Übernahmeschlacht in der Musikindustrie

29.03.2011

Die Musikindustrie befindet sich seit Jahren im Umbruch. Neue Geschäftsmodelle - Online-Flatrates, Musik-Clouds oder die Komplettvermarktung (sog. "360"-Management) von Künstlern sollen den rückläufigen Verkauf von physischen Tonträgern auf Dauer ausgleichen. Derweil tobt in der Branche, die mittlerweile von Banken, Private Equity und milliardenschweren Investoren dominiert wird, eine zunehmend unübersichtlicher Übernahmeschlacht, an deren Ende es anstatt vier großer Plattenfirmen ("The Big Four") nur noch drei oder zwei geben könnte. Die Redaktion von mediadb.eu hat die Konzentrationstendenzen sowie die wirtschaftliche Situation in der Musikindustrie zusammengefasst und analysiert:

1. Medienkonzerne, Plattenfirmen, Private Equity-Firmen, Investoren, Banken - Wer will wen übernehmen?
Im Januar diesen Jahres beauftragte die weltweit drittgrößte Plattenfirma Warner Music die Investmentbank Goldman Sachs damit, Käufer für das gesamte Unternehmen bzw. seine Musikverlag Warner/Chapell zu finden.
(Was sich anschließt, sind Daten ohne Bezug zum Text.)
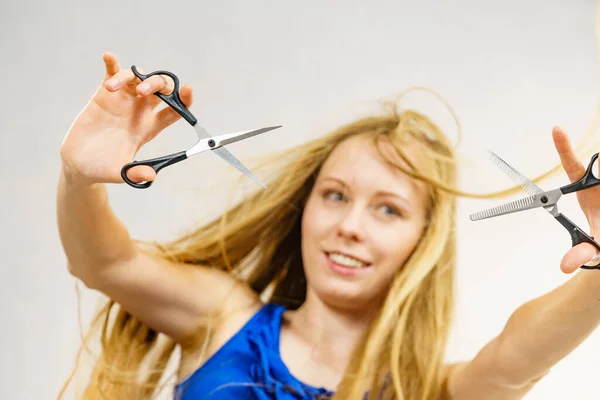 ヘアカットカフヘアケアのコンセプト 長いブロンドの髪の保持はさみを吹いている女の子 作業ツールを示します 通常と薄毛 — ストック写真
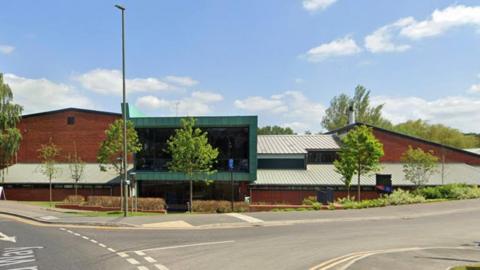 Farnham leisure centre. It is a brown building by a roadside, the sky is blue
Zu den potenziellen Interessenten zählen mittlerweile Konkurrenten aus der Musikindustrie wie Universal (Vivendi), Sony und BMG Rights Management (Bertelsmann im Verbund mit der Private Equity-Firma KKR) sowie reiche Individuen wie der russische Öl-Magnat Len Blavatnik (Access Industries), der Supermarkt-Ketten-Betreiber Ron Burkle (Yucaipa Companies) oder Napster-Gründer Sean Parker, der über seinen Facebook-Anteil mittlerweile Milliardär geworden ist. Warner Music selbst wurde von einem Investoren-Konsortium um den ehemaligen Vivendi Universal-Vize Edgar Bronfman Jr. 2003 für 2,5 Milliarden US-Dollar vom Medienkonzern Time Warner übernommen und als eigenständiges Unternehmen an die Börse gebracht. Der Verkaufspreis soll deutlich über 2,5 Milliarden US-Dollar liegen.
Doch die Universal Music Group und ihr Chef Bronfman, der jüngst wegen Insider-Handel im Rahmen seiner Rolle beim Vivendi-Bankrott im Jahr 2002 wegen Insiderhandel von einem Pariser Gericht verurteilt wurde, fahren eine zweigleisige Strategie. So wurde eine andere Abteilung von Goldman Sachs damit beauftragt, den Kauf der konkurrienden Plattenfirma EMI durch Warner in die Gänge zu leiten. Dazu wurde die US-Bank Citigroup kontaktiert, die die hochverschuldete EMI Group im Februar 2011 von der Private Equity-Firma Terra Firma übernommen hatte. Bronfman und seine Investorenkollegen wollen also entweder durch den Kauf von EMI wachsen oder durch den Verkauf von Warner ihre Anteile mit Gewinn verkaufen. Eine andere Möglichkeit bestünde für Warner Music darin, nur seinen Musikverlag zu verkaufen, um mit dem Erlös für EMI zu bieten. Ebenfalls an EMI interessiert zeigt sich ein anderer Musikverlag, Sony/ATV, ein Joint-Venture zwischen Sony und dem Nachlass des verstorbenen Sänger Michael Jackson.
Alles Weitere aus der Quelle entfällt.